> **Problem**
Images do not belong in the copy. Set down all the entries exactly.

Segment Start: Information given

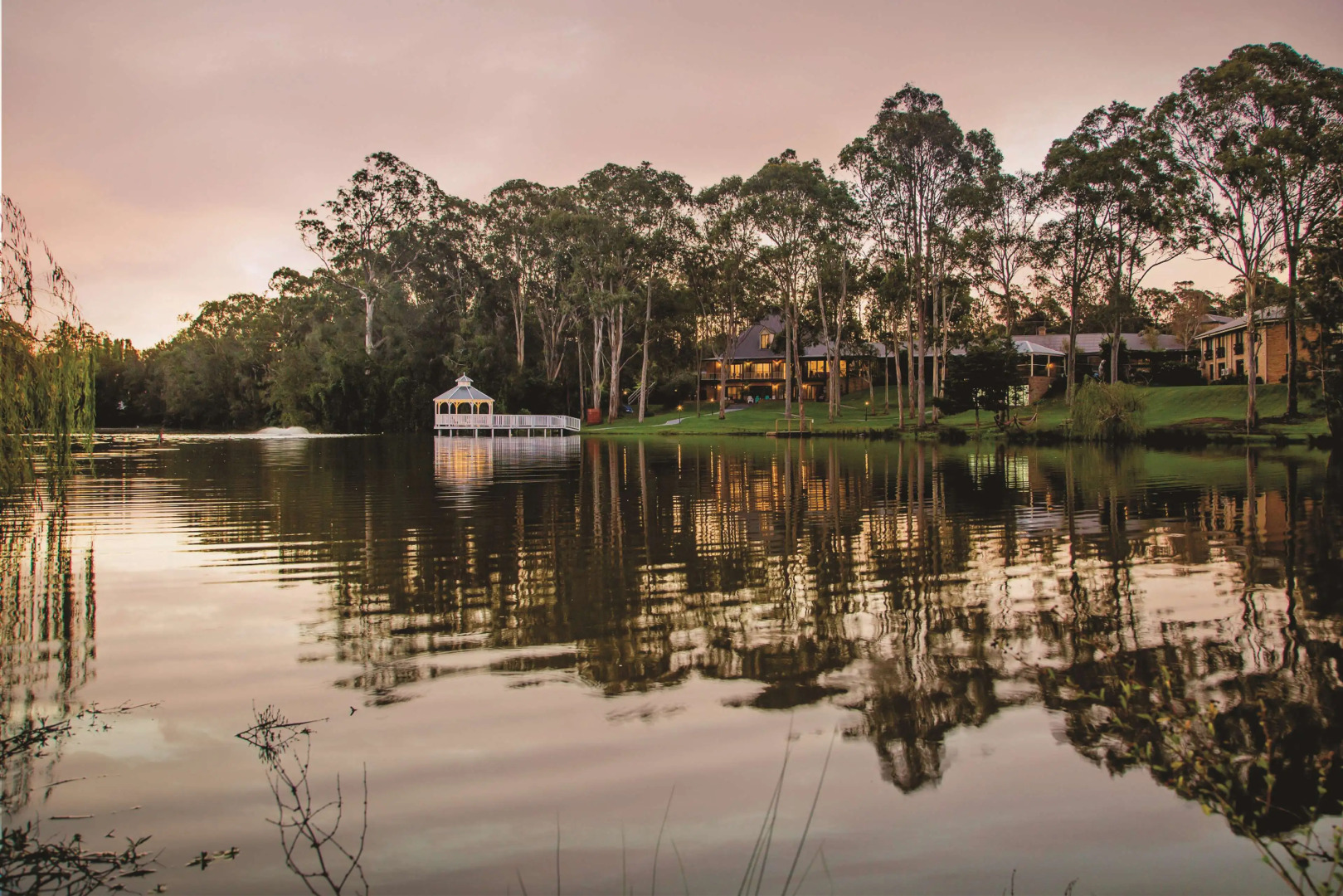 Lincoln Downs Resort Batemans Bay
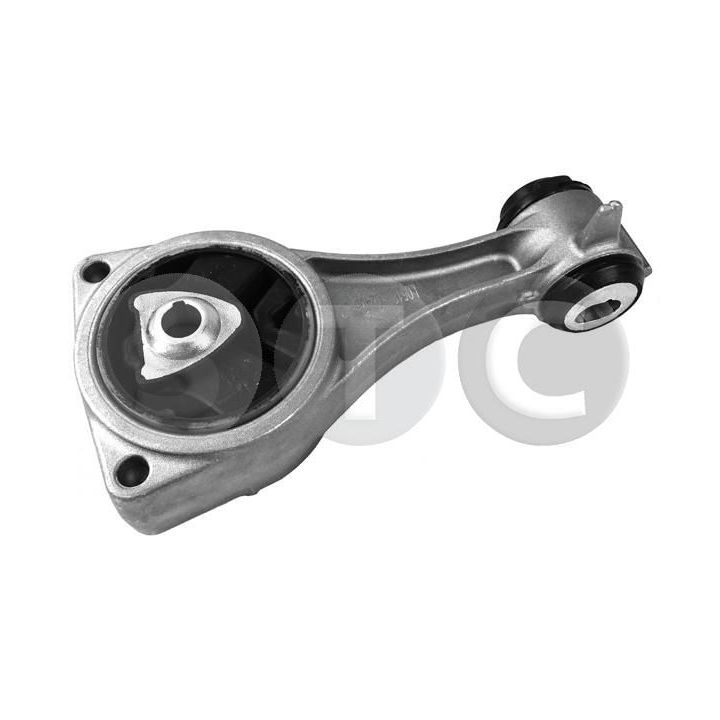 Variklio montavimas STC T406903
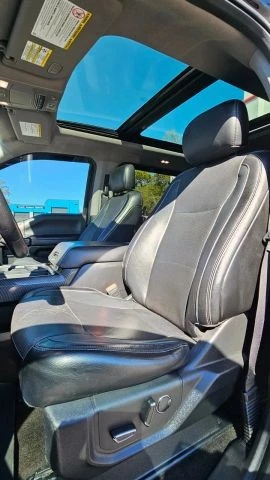 2018 Ford Super Duty 4th Gen - Image 20 of 21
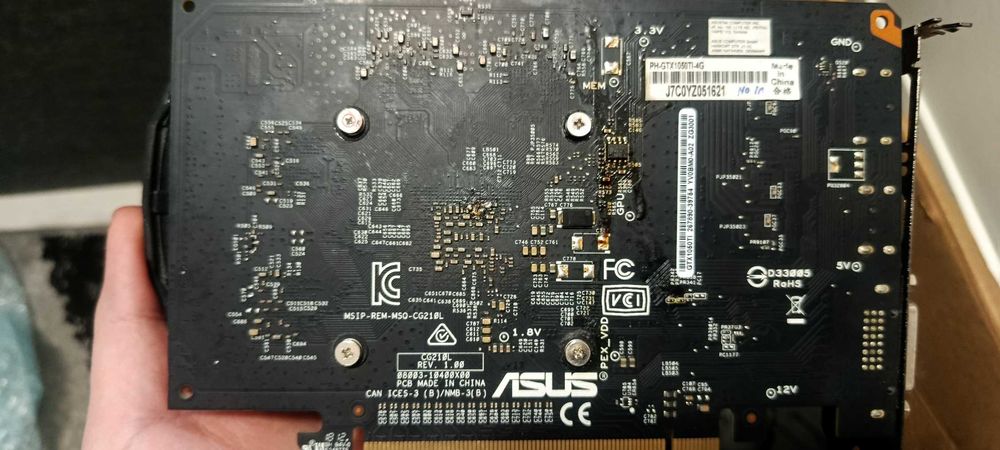 Conjunto Placas de Vídeo (GPUs NVIDIA)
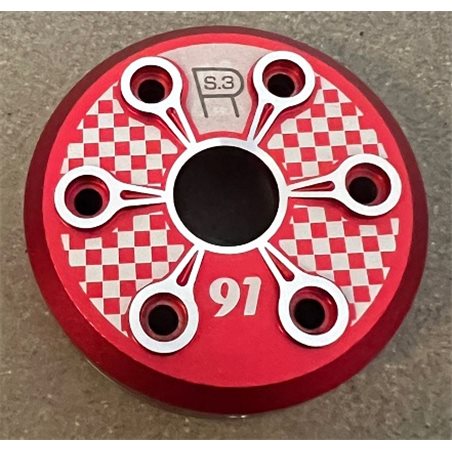 Water Cooling Jacket 91RS.3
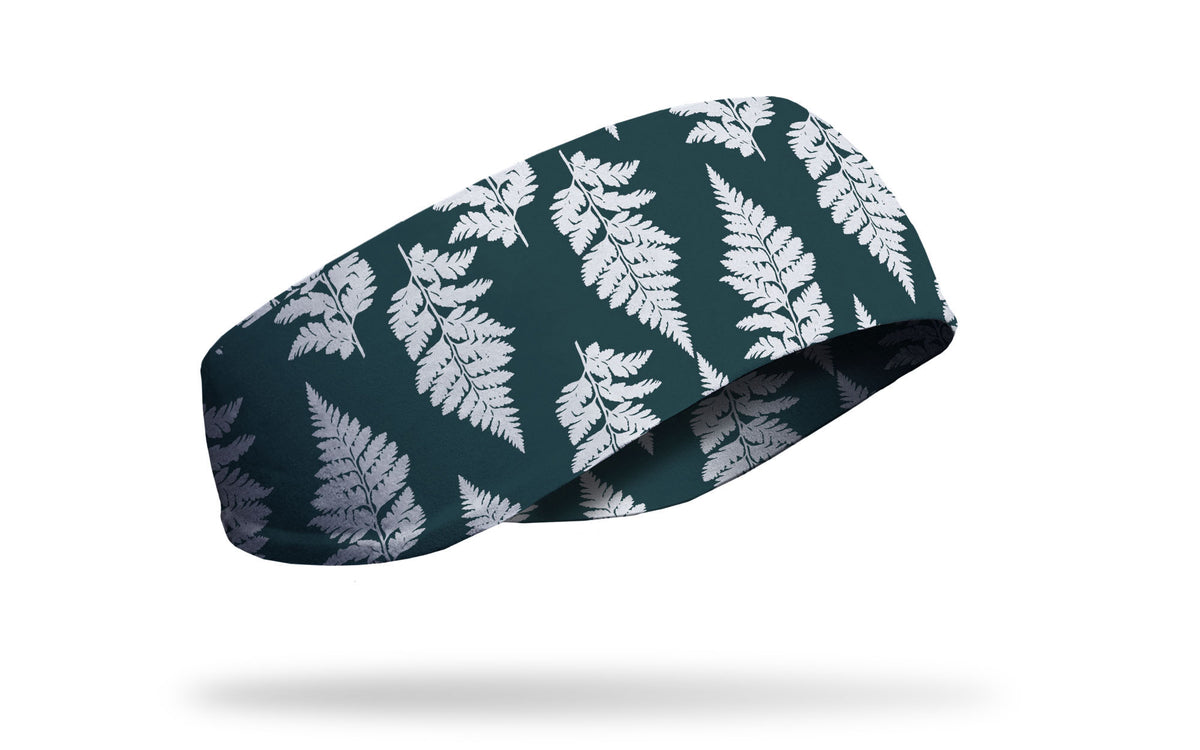 Coniferous Frost Ear Warmer - View 2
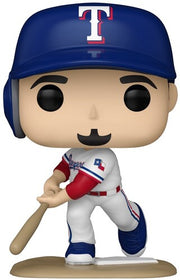 Pop Mlb Rangers Corey Seager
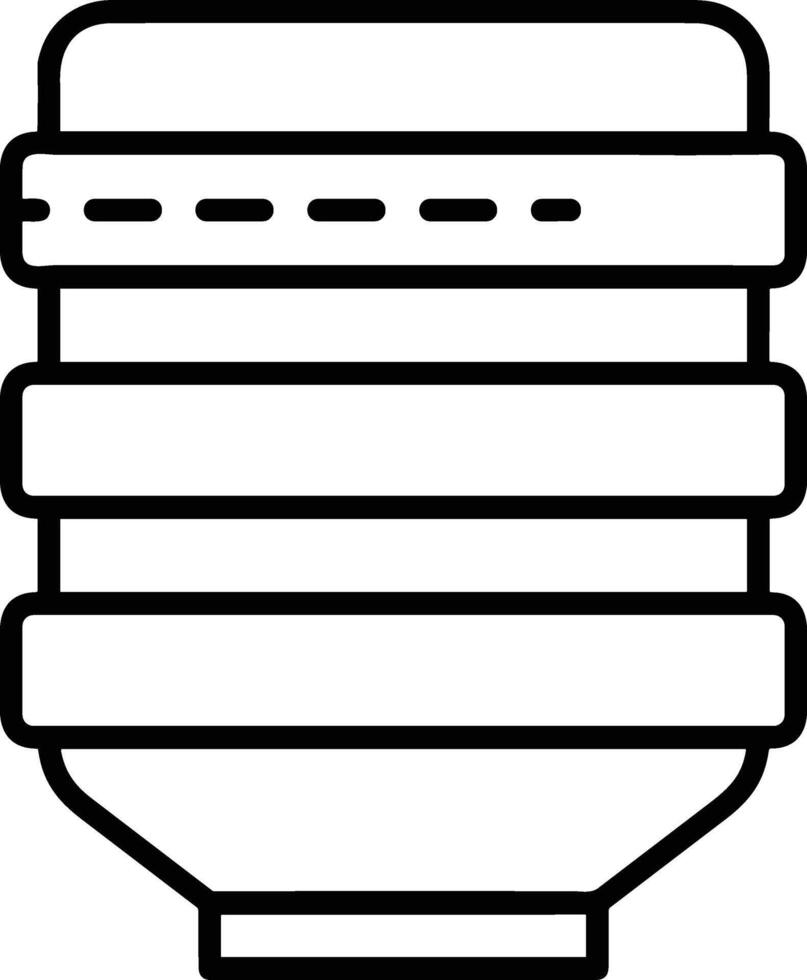 Bottle drink icon symbol image. Illustration of the drink water bottle glass design image vector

Segment End: Information given

> **Response to this task**
 Lincoln Downs Resort Batemans Bay
 Variklio montavimas STC T406903
 2018 Ford Super Duty 4th Gen - Image 20 of 21
 Conjunto Placas de Vídeo (GPUs NVIDIA)
 Water Cooling Jacket 91RS.3
 Coniferous Frost Ear Warmer - View 2
 Pop Mlb Rangers Corey Seager
 Bottle drink icon symbol image. Illustration of the drink water bottle glass design image vector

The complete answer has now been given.